Desperate to win back Ana, Christian goes to the usual over-the-top ends to impress her, from giant bouquets of delivered roses to the purchase of an entire set of large-scale portraits shot by Ana’s other obsessive devotee, the ever-maligned Jose (Victor Rasuk, friend-zoned as ever). But what Ana wants is something much more simple and respectable (in BDSM parlance, something “vanilla”), something that may never fully satisfy the more complicated parts of Christian’s sexuality. Yet life without Ana just won’t do, and Christian agrees to “renegotiate terms” to satisfy his lady (no actual business meetings and signed contracts required this time).
Ana’s newfound liberation, frequently punctuated by Christian choosing to pleasure her first (in the world of “Fifty Shades,” oral sex is the most reliable barometer of the state of a relationship), never feels fully realized, thanks to a screenplay dominated by scenes comprised of actual nonsense where whole stretches pass with nothing of substance or believability takes place.
Ana will demand to not be locked up in Christian’s spacious apartment, a kept thing, and mere seconds later, she’ll readily be agreeing to move in. It’s a cycle that repeats almost endlessly throughout the film’s slow-moving first hour. If Christian — or the script — felt at all smarter, it would seem like a nasty trick. At least the sex is actually sexier this time around, more bent towards play, rather than punishment.

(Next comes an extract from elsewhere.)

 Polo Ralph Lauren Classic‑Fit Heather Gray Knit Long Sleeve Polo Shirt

Still, Ana does get some of the things she wants most in the world, even if they go against Christian’s very grain. As Christian begins to let Ana in — both physically and emotionally — she learns considerably more about his background, and his particular likes and dislikes. From his messy childhood to a genuinely shocking affection for “The Chronicles of Riddick” (not actually a joke), Ana and the audience both discover shades to Christian the first film never even bothered to hint at.

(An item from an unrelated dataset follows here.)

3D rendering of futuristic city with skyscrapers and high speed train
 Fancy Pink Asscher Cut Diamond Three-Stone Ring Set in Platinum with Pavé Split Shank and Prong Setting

With both Johnson and Dornan appearing far more comfortable in their roles this second time around, “Darker” drops much of the weirdo pretension that made its predecessor such a humorless slog. There are intentional laughs to be found here, and the soapy shockers that take over during its action-packed third act suit the material in unexpectedly delightful ways. Finally, a “Fifty Shades” film that isn’t afraid of being fun.
But fun only goes so far, particularly in a film that still seems bent on loading up somber twists to remind everyone just how “fucked up” this all is. Despite its looser tone, “Darker” does make room for some clunkier, darker elements. Ana keeps seeing a creepy woman hanging around her home and workplace, and her once-accommodating boss (Eric Johnson, whose haircut carries the bulk of his performance) turns quickly nefarious after she rebuffs his unsettling advances. And while tension should all linger around every edge, “Darker” only goes for the scary stuff when the meandering plot needs to push forward.

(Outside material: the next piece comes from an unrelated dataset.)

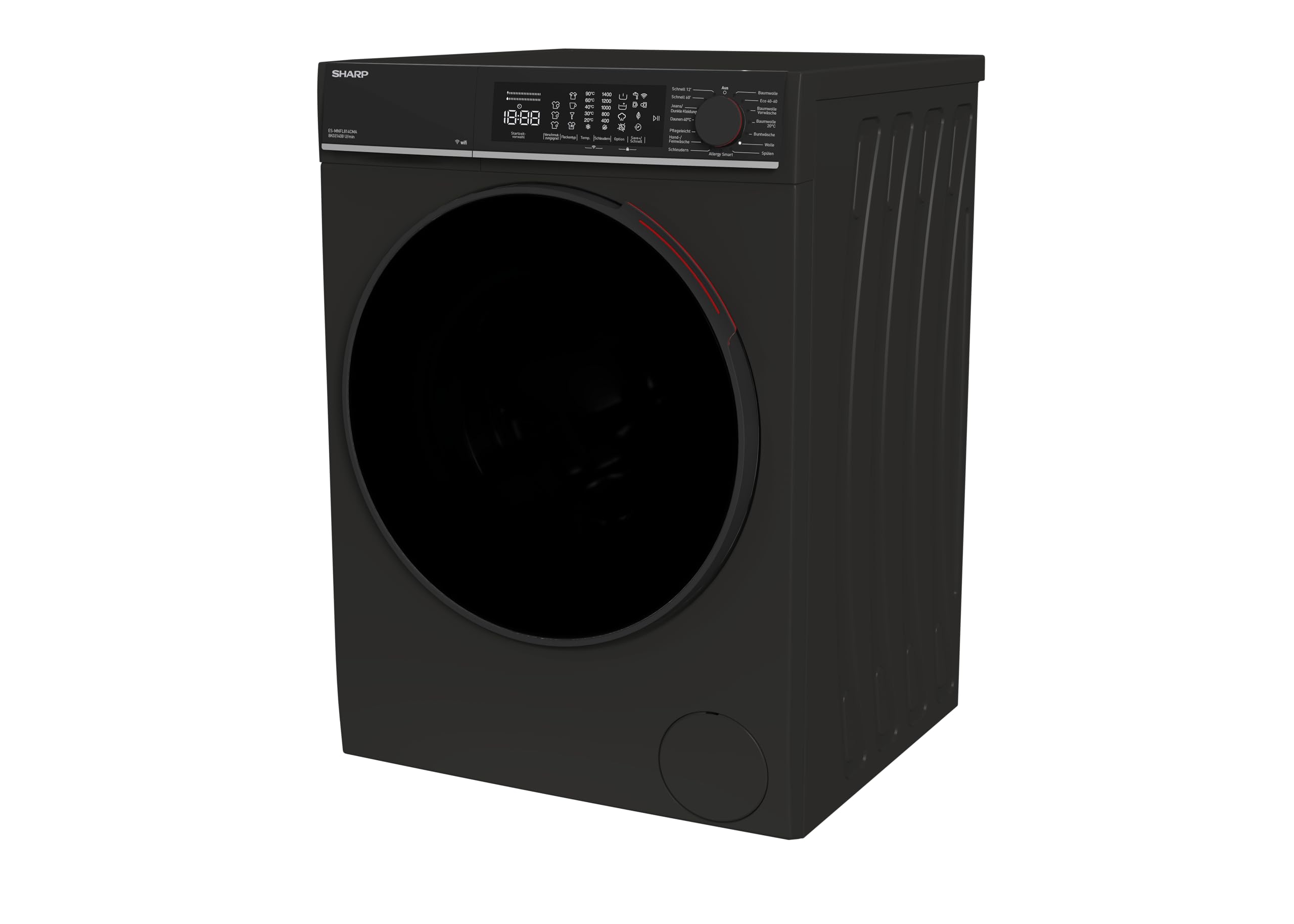 SHARP ES-MNFL814CMA-DE Waschmaschine Frontlader 8 kg, Energieeffizienzklasse A, 1400 U/min, Inverter Motor, AquaStop, Dampffunktion, MicroFiber-Filter, LED Touch Display – Mattschwarz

Niall Leonard’s screenplay struggles to hold tight to the film’s many subplots, and seemingly important turns are picked up and dropped with stunning irregularity. Even things that seem essential — and Foley loves to make those moments stand out, all the better to drive home that there’s still a whole other film left to watch — fall by the wayside within the space of seconds. Richard Francis-Bruce’s editing is similarly baffling, and cuts between scenes and whole sequences appear with little rhyme or reason (most worrisome is Francis-Bruce’s tendency to cut a sex scene just when things are actually steaming up).
“Fifty Shades Darker” is at its best when leaning towards the light, embracing its unabashedly sillier elements and letting its stars off the chain (or the rope, or the leash, or whatever handsome but foreboding leather-made object can be found in Christian’s Red Room of Pain). Sex is fun! Romance is sweet! And not every slap needs to leave a mark.
“Fifty Shades Darker” hits theaters on Friday, February 10.